En résumé, la politique qu’esquisse Cyril Hanouna est un retour sur près de 200 ans de conquêtes sociales. Elle reviendrait sur un État providence qui a entrepris un véritable partage des gains extraordinaires de productivité de la révolution industrielle, ignorant dramatiquement que les mécaniques de l’État social sont des constructions démocratiques, nées de réalités sociales douloureuses et même mortelles.
Tuer la politique : à qui profite le crime ?

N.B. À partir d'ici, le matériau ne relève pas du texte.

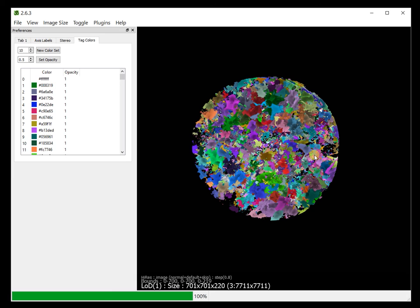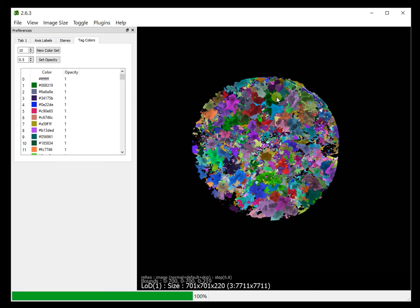Whether it is 8-bit or 16-bit, you would be able to use the random colors for, say, for example, showing the pores or the grain data. Especially for rocks, this is pretty useful.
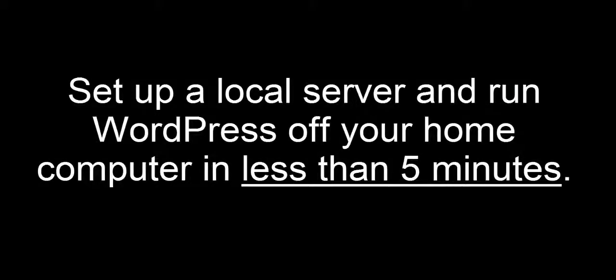Hi, it's Neil here from neilcurtis.me. I'm just going to show you quickly in less than five minutes how to set up a local development environment on your computer so you can run WordPress and therefore develop websites that need to connect to the internet.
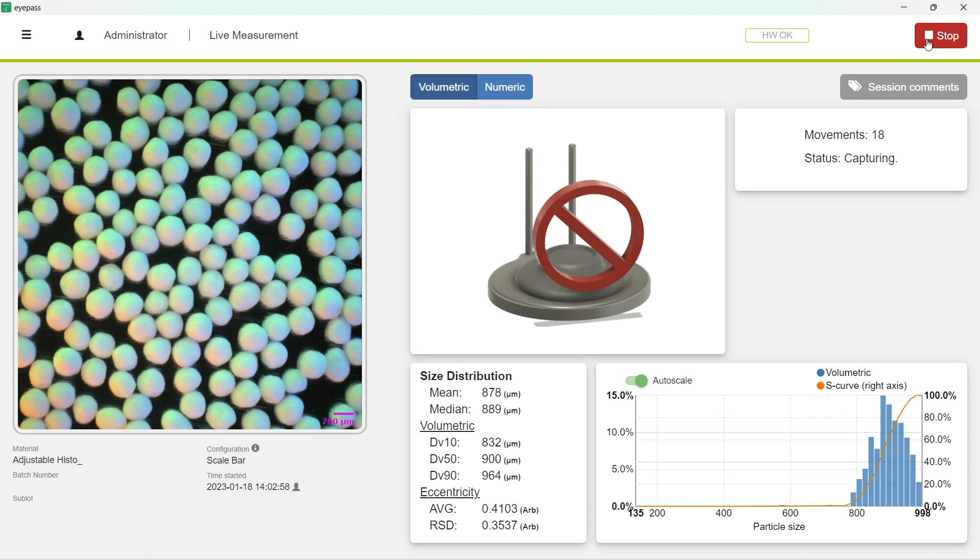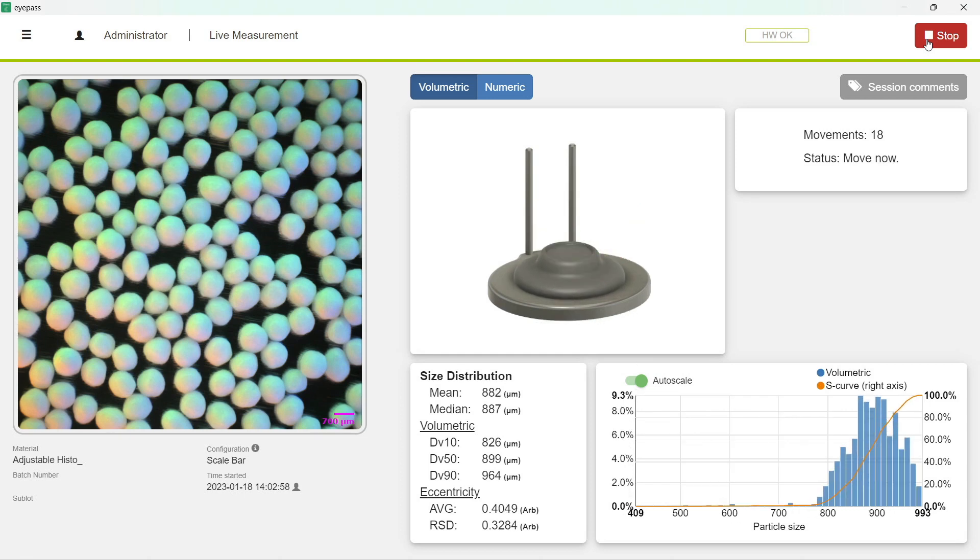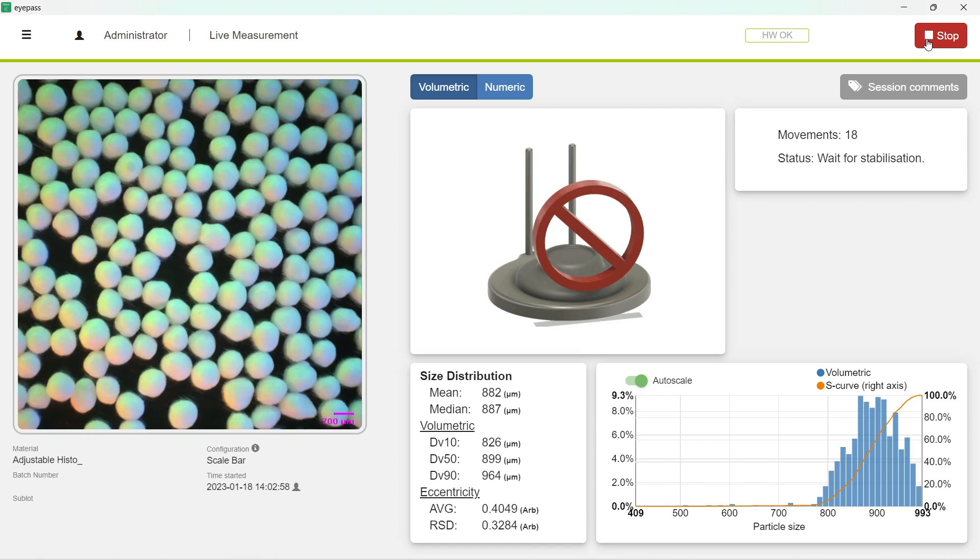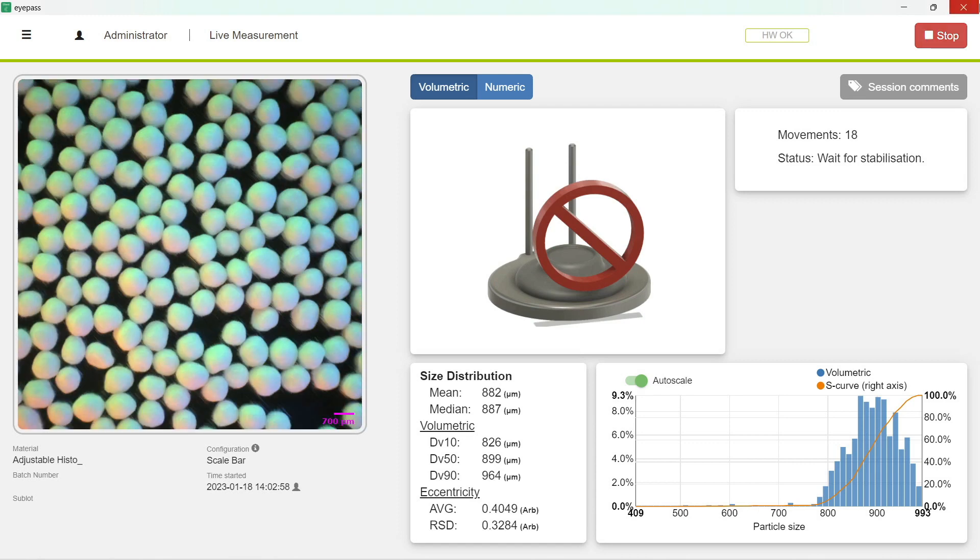This is what a benchtop session looks like, and we are going to talk about the new feature called adjustable histogram. Essentially, it adjusts the graphical representation range of your particle size distribution.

Et il faut bien le dire, le marteler : quand Cyril Hanouna dit qu’il ne propose que du bon sens, et qu’il veut tourner la page de la politique, il fait bien de la politique. Il ne fait que maquiller en « bon sens » un projet éminemment politique de destruction organisée des structures étatiques et démocratiques au profit du marché. Son projet est donc celui du transfert de la chose politique des mains du peuple à celles des riches, des possédants, des bien-nés. Ce projet est d’autant plus fourbe qu’il s’appuie sur un ressentiment bien populaire, un dégoût envers une politique et le dévoiement de l’État. Mais quand une politique a dominé durant des années, il est facile de se laisser aller à penser qu’il s’agit de la politique.
Une victoire électorale de ce projet de destruction de l’État serait en fait le dernier souffle politique d’un peuple qui, lassé des échecs passés, se suiciderait.
Les contempteurs de l’État auraient alors tout loisir à le dépecer et à le mettre au service de leurs intérêts, tout en créant une société dérégulée dans laquelle même l’espace public serait à vendre, si bien que le chaos informationnel se répandrait et anesthésierait le peuple, dont la rébellion contre son asservissement serait matée avant même de naître.
Face à cette alternative dystopique au néo-libéralisme macroniste, la gauche a la responsabilité de présenter un programme de rupture. Elle ne doit plus hésiter à affirmer avec fierté sa défense du service public, patrimoine commun des citoyens et de la démocratie. Et finalement battre ce projet qui ne vise qu’une chose : supprimer la politique pour le peuple, la réserver pour l’oligarchie.